Supplied records -

▬▬▬▬▬▬

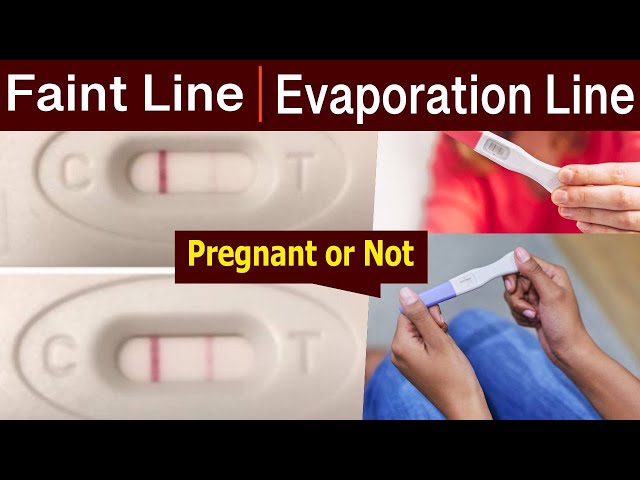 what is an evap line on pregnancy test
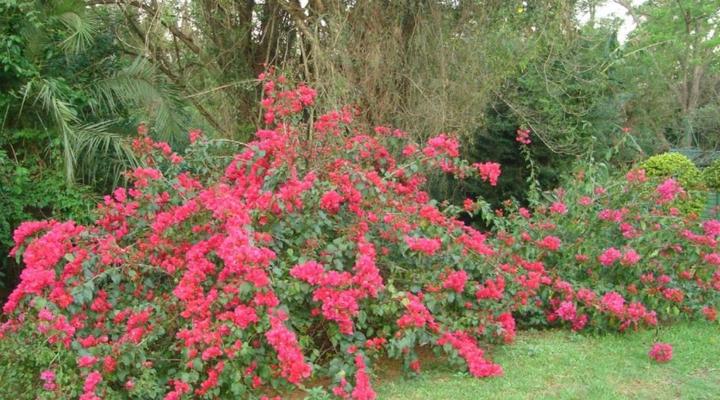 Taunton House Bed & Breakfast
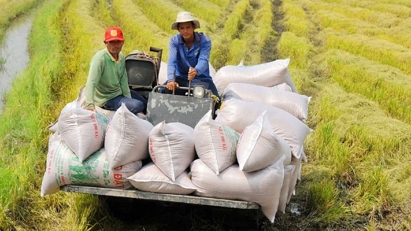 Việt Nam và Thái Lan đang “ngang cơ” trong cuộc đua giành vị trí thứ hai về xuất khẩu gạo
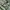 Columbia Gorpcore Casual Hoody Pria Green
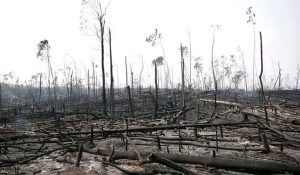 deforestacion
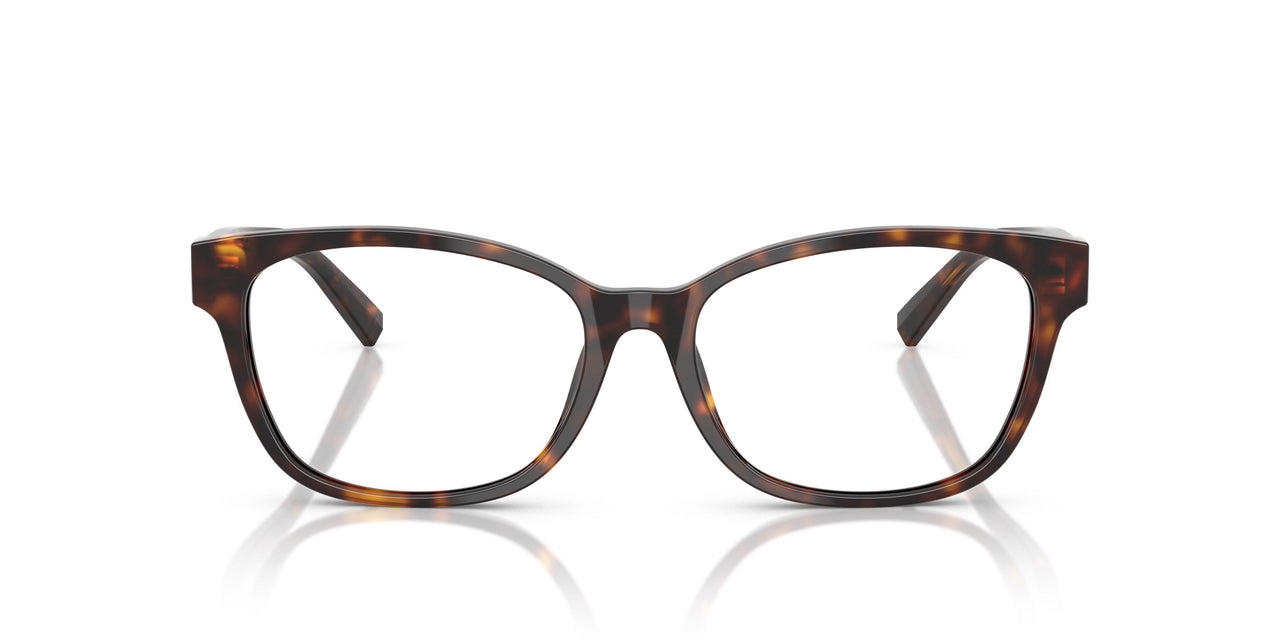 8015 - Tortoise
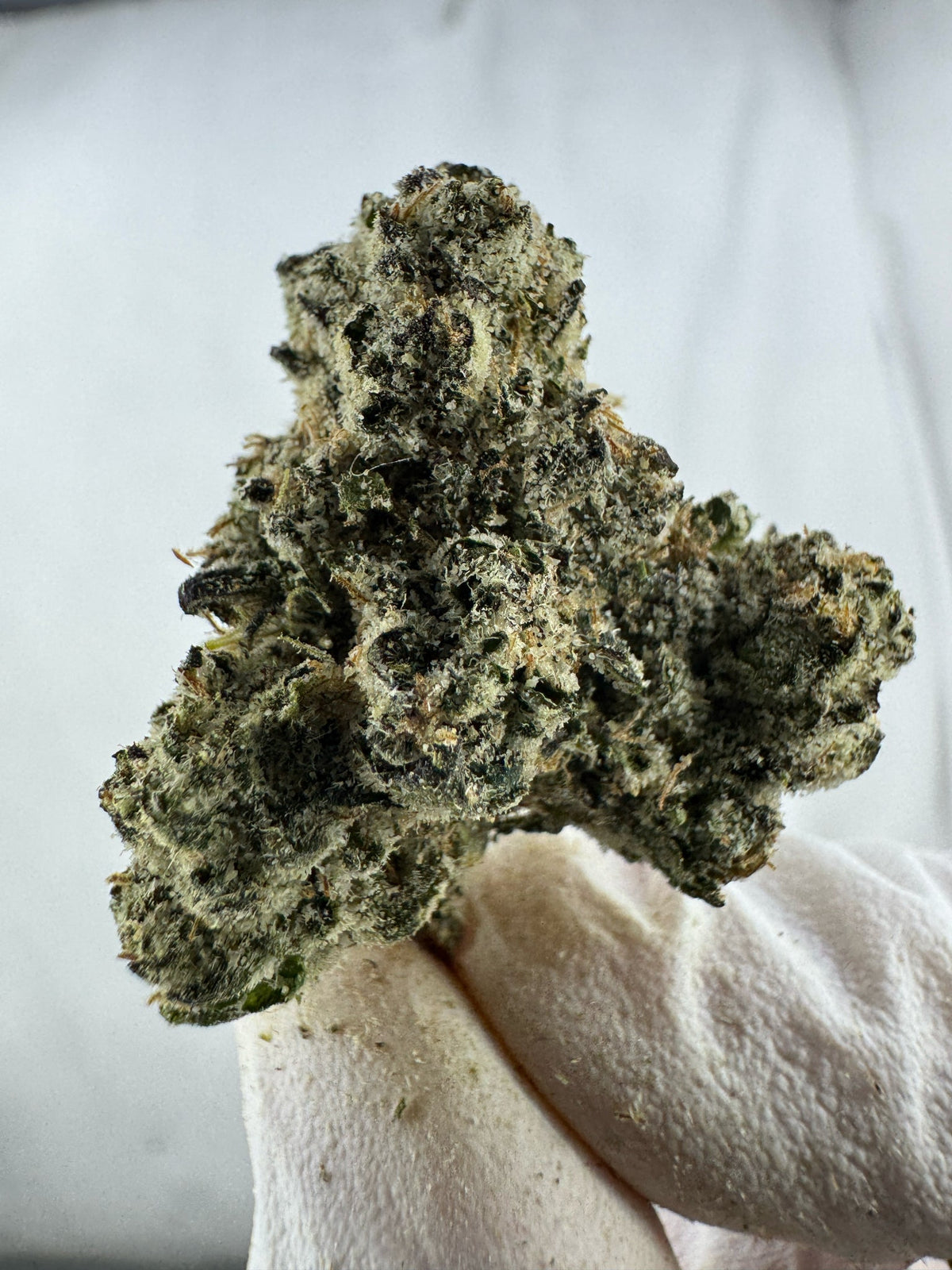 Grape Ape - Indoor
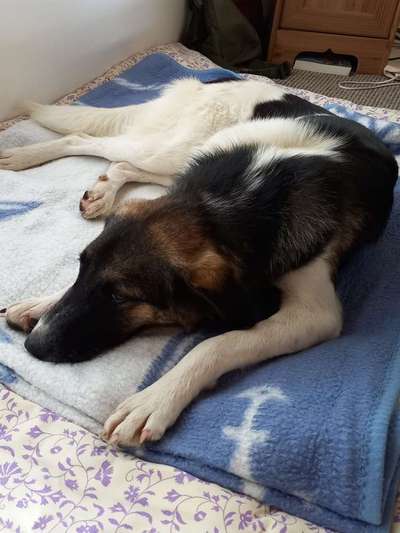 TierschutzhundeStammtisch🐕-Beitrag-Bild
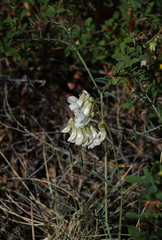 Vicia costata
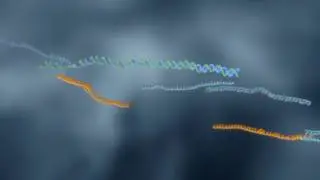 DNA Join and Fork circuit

▬▬▬▬▬▬

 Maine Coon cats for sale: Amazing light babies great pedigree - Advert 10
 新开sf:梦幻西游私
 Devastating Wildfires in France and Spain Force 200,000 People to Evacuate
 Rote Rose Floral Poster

▬▬▬▬▬▬

Work task -
Of all the material above, only the lines from the one that has "what is an evap line on pregnancy test" down to the one that has "DNA Join and Fork circuit" are to be written out, exactly and with both ends included. Pictures are skipped.

Solution for this problem -
 what is an evap line on pregnancy test
 Taunton House Bed & Breakfast
 Việt Nam và Thái Lan đang “ngang cơ” trong cuộc đua giành vị trí thứ hai về xuất khẩu gạo
 Columbia Gorpcore Casual Hoody Pria Green
 deforestacion
 8015 - Tortoise
 Grape Ape - Indoor
 TierschutzhundeStammtisch🐕-Beitrag-Bild
 Vicia costata
 DNA Join and Fork circuit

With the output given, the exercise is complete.